The breeze kicked up, whistling through her jacket. Was that laughter? She rolled her eyes. Trust him to be listening.
So, back to her problem. What did a mere teenager get an all-powerful being that already had everything he could possibly want – except perhaps time?
Hmm… Time. She could work with that.
A few day’s later, after bundling her parents and that golden-haired demon known as her little sister, out to do some late-night Christmas shopping, Casey knelt on her bed, peering out the window. Fake icicles dripped from roofs, lights twinkled in trees, and a bunch of carol singers walked from house to house. She hummed along to, “We Wish You a Merry Christmas”.
Her lightbulb flickered. She glanced at it. It dimmed, grew brighter, and died, cloaking the room in shadow. Beneath her, tiny quivers vibrated through the bed. Her chest of drawers shuddered, and the ornaments on her bookcase jangled together.

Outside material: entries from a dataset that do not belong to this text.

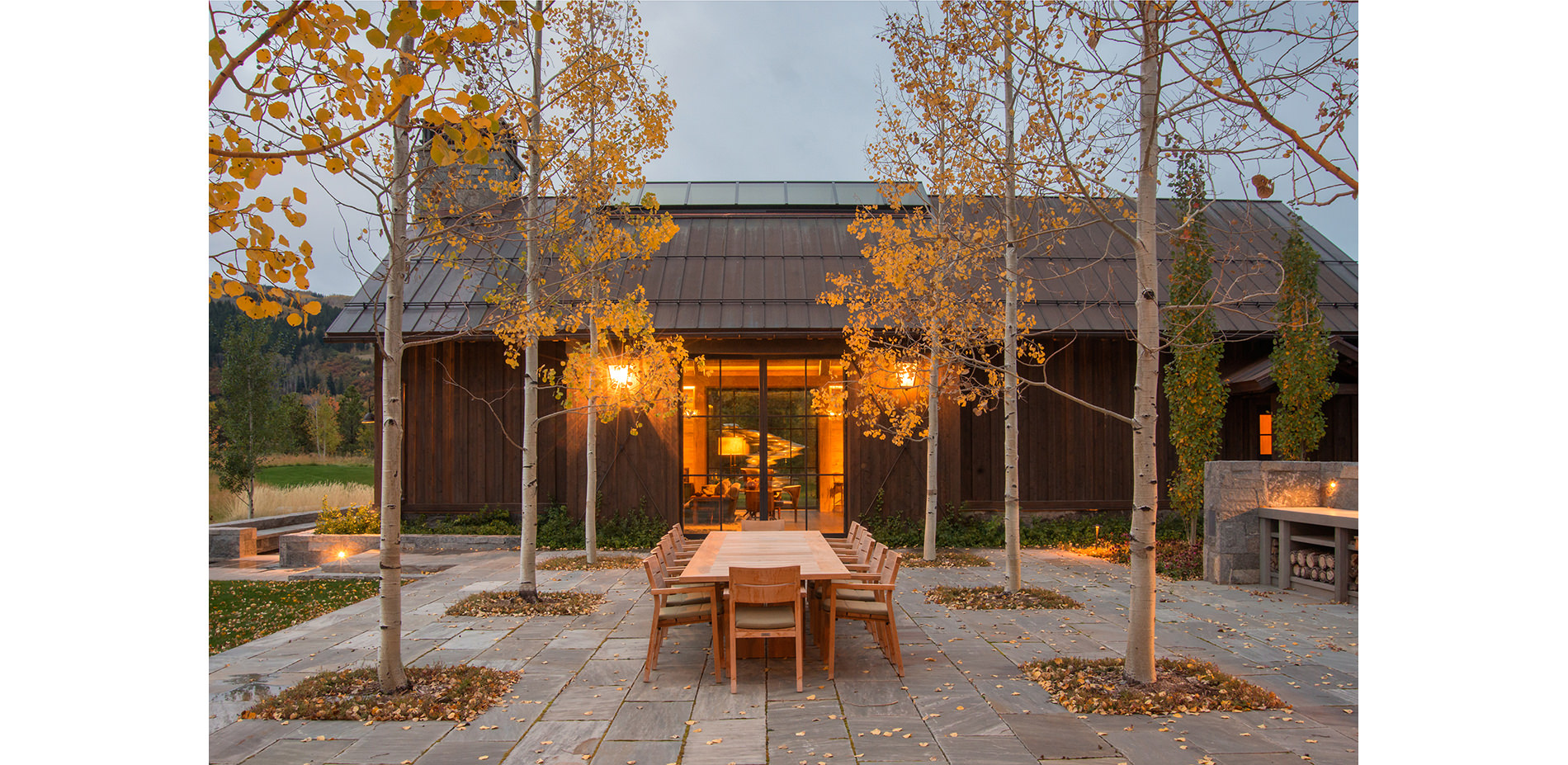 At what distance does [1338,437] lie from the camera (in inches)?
501

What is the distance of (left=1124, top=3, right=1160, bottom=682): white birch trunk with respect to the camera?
4836 mm

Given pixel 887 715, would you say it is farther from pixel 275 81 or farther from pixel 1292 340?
pixel 1292 340

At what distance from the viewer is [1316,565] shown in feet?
26.9

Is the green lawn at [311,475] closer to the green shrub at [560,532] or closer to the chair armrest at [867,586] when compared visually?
the green shrub at [560,532]

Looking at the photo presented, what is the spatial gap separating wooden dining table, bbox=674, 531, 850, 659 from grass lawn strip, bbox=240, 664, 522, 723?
1407 millimetres

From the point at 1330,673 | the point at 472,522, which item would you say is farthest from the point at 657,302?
the point at 1330,673

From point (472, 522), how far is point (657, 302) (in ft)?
14.6

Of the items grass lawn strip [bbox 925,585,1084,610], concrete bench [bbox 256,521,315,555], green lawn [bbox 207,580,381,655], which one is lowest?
concrete bench [bbox 256,521,315,555]

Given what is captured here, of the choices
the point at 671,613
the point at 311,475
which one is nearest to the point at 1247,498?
the point at 671,613

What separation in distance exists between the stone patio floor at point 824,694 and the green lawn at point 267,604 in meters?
0.49

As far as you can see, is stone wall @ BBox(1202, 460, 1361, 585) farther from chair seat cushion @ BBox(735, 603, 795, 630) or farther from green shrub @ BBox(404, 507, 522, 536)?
green shrub @ BBox(404, 507, 522, 536)

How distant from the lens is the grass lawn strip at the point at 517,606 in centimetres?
730

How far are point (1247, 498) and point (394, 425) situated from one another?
863cm

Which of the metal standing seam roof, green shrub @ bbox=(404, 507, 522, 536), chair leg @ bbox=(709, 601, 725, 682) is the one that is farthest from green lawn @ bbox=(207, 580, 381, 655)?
chair leg @ bbox=(709, 601, 725, 682) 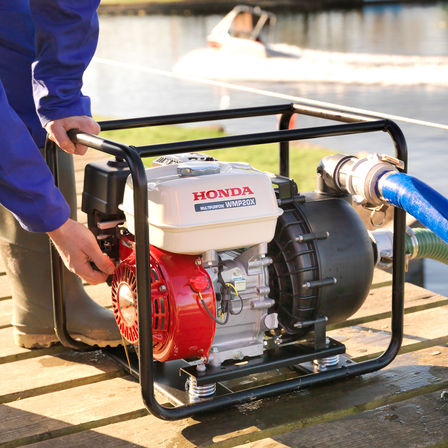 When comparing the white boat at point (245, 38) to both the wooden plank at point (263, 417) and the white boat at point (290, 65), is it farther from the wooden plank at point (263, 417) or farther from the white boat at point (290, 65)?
the wooden plank at point (263, 417)

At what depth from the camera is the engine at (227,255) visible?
1.72m

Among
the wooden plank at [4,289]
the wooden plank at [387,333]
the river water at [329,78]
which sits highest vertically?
the wooden plank at [387,333]

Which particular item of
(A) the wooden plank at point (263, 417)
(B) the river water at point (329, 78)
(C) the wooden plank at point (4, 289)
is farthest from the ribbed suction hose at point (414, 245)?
(B) the river water at point (329, 78)

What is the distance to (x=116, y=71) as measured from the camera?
679 inches

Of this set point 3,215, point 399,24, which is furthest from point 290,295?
A: point 399,24

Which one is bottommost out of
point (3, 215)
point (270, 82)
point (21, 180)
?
point (270, 82)

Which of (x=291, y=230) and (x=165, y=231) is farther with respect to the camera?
(x=291, y=230)

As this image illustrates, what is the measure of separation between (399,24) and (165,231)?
3251cm

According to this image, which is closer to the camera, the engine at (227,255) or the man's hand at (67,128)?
the engine at (227,255)

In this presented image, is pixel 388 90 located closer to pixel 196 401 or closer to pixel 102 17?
pixel 196 401

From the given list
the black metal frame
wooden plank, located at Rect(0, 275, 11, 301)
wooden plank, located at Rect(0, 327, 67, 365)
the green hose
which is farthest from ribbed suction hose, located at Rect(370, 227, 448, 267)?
wooden plank, located at Rect(0, 275, 11, 301)

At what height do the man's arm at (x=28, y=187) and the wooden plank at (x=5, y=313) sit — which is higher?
the man's arm at (x=28, y=187)

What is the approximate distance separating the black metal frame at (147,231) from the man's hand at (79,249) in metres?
0.15

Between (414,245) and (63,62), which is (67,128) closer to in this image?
(63,62)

Casey returned to the street view and tried to suppress a smile. The guy had to make an entrance, didn’t he?
The mini earthquake came to an abrupt halt and light returned to the room.
“Ever heard of a door, Az?”
A deep chuckle came from behind her. “Most people expect the dramatics, Casey, love.”

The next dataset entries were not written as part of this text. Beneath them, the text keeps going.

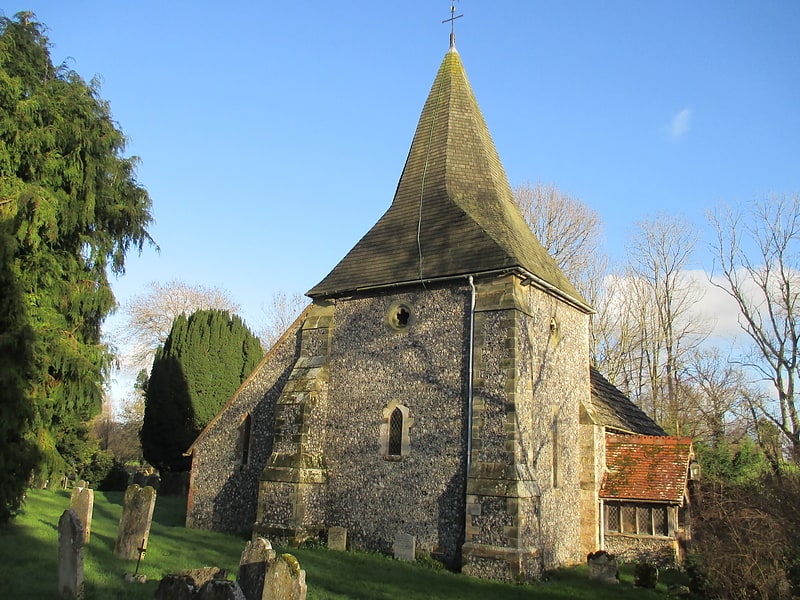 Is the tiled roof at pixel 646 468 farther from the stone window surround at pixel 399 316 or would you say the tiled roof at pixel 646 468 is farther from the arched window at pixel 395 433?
the stone window surround at pixel 399 316

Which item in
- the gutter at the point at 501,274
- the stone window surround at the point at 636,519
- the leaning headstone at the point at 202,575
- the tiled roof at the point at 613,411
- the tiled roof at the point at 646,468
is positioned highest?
the gutter at the point at 501,274

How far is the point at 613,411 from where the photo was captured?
18.0 meters

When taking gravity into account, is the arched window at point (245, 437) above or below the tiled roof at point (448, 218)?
below

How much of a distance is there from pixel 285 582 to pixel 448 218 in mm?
9970

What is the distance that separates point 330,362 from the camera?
15211 millimetres

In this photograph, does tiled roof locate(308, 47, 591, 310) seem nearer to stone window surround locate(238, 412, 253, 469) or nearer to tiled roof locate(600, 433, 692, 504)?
tiled roof locate(600, 433, 692, 504)

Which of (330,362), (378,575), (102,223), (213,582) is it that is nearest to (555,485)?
(378,575)

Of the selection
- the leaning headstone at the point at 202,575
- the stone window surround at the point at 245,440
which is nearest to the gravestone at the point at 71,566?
the leaning headstone at the point at 202,575

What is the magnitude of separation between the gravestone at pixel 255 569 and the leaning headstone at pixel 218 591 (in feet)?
6.12

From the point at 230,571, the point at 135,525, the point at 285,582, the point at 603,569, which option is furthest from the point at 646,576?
the point at 135,525

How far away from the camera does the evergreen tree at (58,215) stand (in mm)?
14055

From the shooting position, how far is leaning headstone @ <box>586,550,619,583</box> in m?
12.4

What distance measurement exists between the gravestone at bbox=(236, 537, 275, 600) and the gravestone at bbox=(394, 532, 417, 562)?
5790mm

“Doesn’t drama take more of your time?” She turned.
A man, who appeared to be in his late twenties, rested against her wardrobe, arms folded, as though he was part of the furniture. His pristine suit shone bright white on one side, while the other did its black-as-night thing. The grin stretched across his face spluttered into a frown. “Don’t get me started, love.”
He unfolded his arms and sat on the bed. “What with expectations and a rise in violence, I need all the time the Bosses can give me. Or, maybe just a way to pause it for a while.”
He gave her a wry smile, and she tried to look sympathetic, holding back the grin that wanted to make a break for it. Az was going to love the gift!
“I got you a present.” She pushed the small, gift-wrapped box towards him.
Az’s brows vanished into his black hair. “A present?”
“Goes with this little thing called ‘Christmas’. A season of giving? You might have heard of it?”
“I know what Christmas is, love, but we’re usually not involved with human affairs like these.”
“Well, consider yourself involved.” She grabbed his hand, and slapped the gift on his palm.
Az’s expression mirrored her sister, Lily’s, whenever Casey did something remotely nice for her.
She sighed. “It’s a present, not one of Marcos’s special packages. You see this?” She gestured to the wrapping. “It’s called ‘wrapping paper’”.
His eyes narrowed. “The Ferryman hasn’t been for a visit for a while, has he? Shall I fetch him?”
A shiver went through her. “That’s playing dirty, Az, but, fine. You open it when you want. I’ll just sit over here, and be all angelic sweetness and silence.”
Az’s mouth pulled up at the side. “I doubt you’re capable of that, love, but thanks for the laugh.”
Casey scowled, which only increased Az’s grin. She gave up trying to hold onto the expression when he removed the red, Christmas tree-dotted paper, and opened the little box.
Would he like it?
He extracted the small chrome object, and scanned the white face with its black numbers, followed by the large button on the top. One brow quirked. “A stopwatch?”
She nodded. Good? Bad? Not getting it at all?
“I’m the Angel of Death, love. Not an athlete.”
Not getting it at all. “You’re a jerk. Turn it over, will you?”
He twisted the stopwatch to view the back, and his eyes scanned the inscription engraved there: For someone who needs to stop time every now and then.
She held her breath.
A smile curved his lips, tenderness softening the lines on his face. He caught her gaze, and, for once, his eyes weren’t black holes of nothingness. Light sparked around the edge of the iris, and warmed the emptiness. “Casey, love.” His voice came out husky, none of the usual magnificent resonance. “It’s perfect.”